Importante saber que o regime jurídico das regiões metropolitanas é também o das microrregiões e aglomerações urbanas, institutos também previstos no art. 25, § 3º, da Constituição Federal. Nada impede de que todo o território do Estado seja dividido entre estes institutos, o que, aliás, já ocorreu em alguns Estados, como o de Santa Catarina (parece que esta situação foi recentemente reformulada).

Para exemplificar o alcance da decisão, basta que o Estado divida o seu território em regiões metropolitanas, aglomerações urbanas e microrregiões e defina, por exemplo, que é necessária a integração da educação e dos critérios de quem pode ser diretor de escola, fixando a competência de nomear estes cargos aos colegiados. É o que basta para que o governador nomeie todos os diretores de escola, sejam estaduais, sejam municipais. Evidente que, nos termos do que decidiu o STF, o município passa a ser um órgão cujas competências próprias são as que o governador entender que devam continuar com eles, sendo as outras “compartilhadas”, eufemismo para estadualizar.

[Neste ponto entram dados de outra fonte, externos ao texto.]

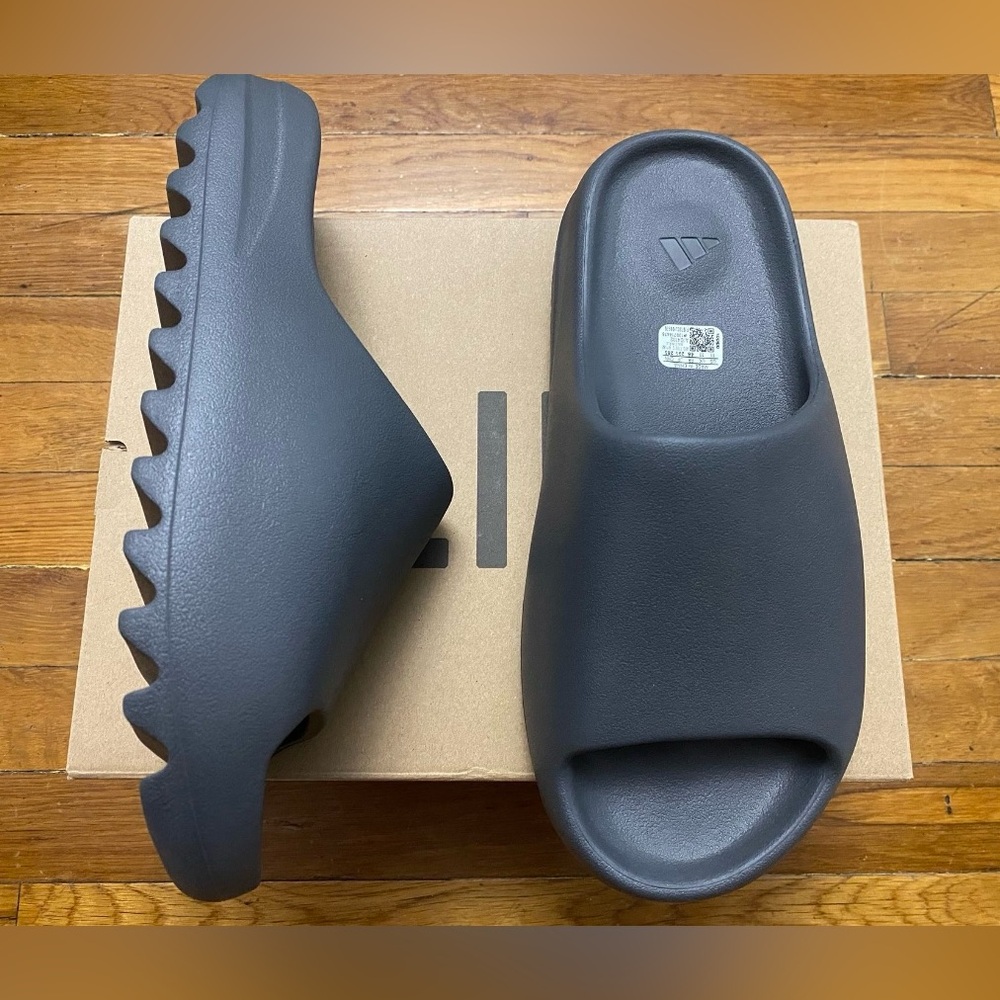 Yeezy Slides Onyx
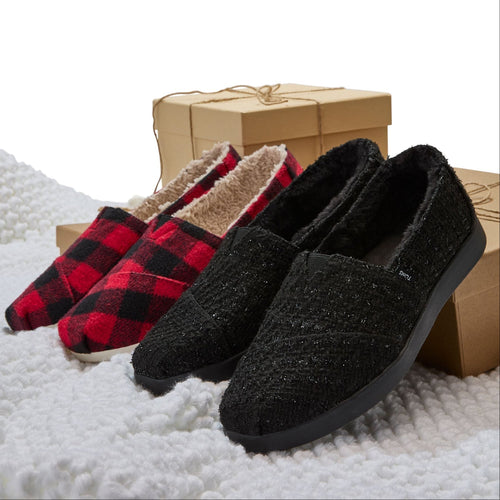 Laydown image of the black boucle alpargata plus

Tal compreensão autoritária de regiões metropolitanas se originou no regime militar, dada a sua vocação centralista. Tratava-se de uma distorção da tese de regiões metropolitanas como “autarquias intermunicipais”, defendidas por diversas lideranças no final dos anos 50 e início dos anos 60, com destaque para a tese que o Professor Hely Lopes Meirelles apresentou no Congresso Nacional de Municípios, em 1959.

No STF havia a posição que defendia a região metropolitana como “autarquia intermunicipal”, na qual as competências seriam compartilhadas entre os municípios, sendo o Estado apenas o instituidor, nos termos do que literalmente prevê o art. 25, § 3º, da Constituição Federal. Era essa a posição do Ministro Nelson Jobim, em voto de mais de noventa páginas, bem como a do Ministro Eros Grau, que se dedicou a estudar com profundidade o instituto da região metropolitana em sua carreira universitária. Mas, com a dinâmica dos julgamentos do STF, estes Ministros, apesar de terem votado, não estavam presentes para defender suas posições, porque aposentados. Com isso, prevaleceu o entendimento de que os municípios são incapazes de exercer suas competências, e, por isso, era forçoso “compartilhá-las” com os Estados.

Sem dúvida o julgamento do STF foi uma derrota dos municípios. Mais que isso, foi uma derrota da democracia, porque, como sempre lembrava o governador Franco Montoro, sem município forte não há democracia. E é com tristeza que vemos que o espírito autoritário do regime militar, décadas depois, conseguiu infligir uma derrota ao projeto democratizante da Constituição de 1988.